### Exercise requirements
Repeat the data that follows exactly, starting at the line with "an alpine mountain peak illustration" and ending at the line with "Alchemy Of Art", and leave out every picture.

(Dataset extract begins)

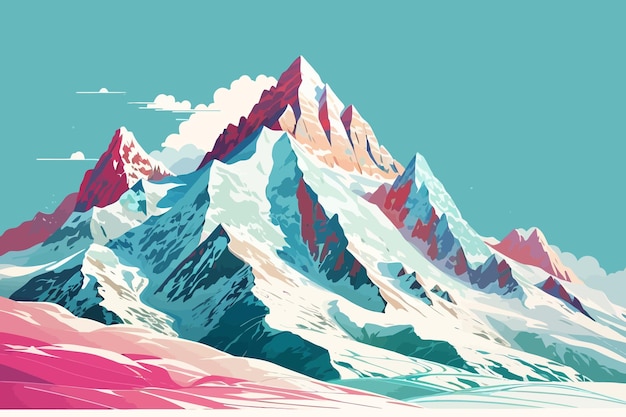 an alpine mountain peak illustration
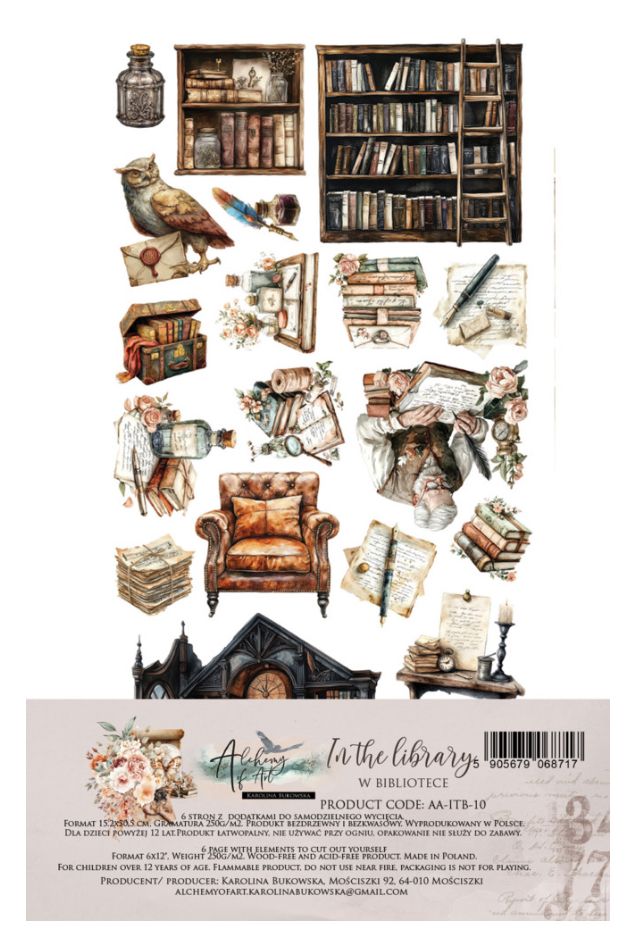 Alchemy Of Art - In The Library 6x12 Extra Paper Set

(Dataset extract ends)
(Dataset extract begins)

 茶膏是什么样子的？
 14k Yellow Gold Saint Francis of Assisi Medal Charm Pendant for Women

(Dataset extract ends)

### Result below
 an alpine mountain peak illustration
 Alchemy Of Art - In The Library 6x12 Extra Paper Set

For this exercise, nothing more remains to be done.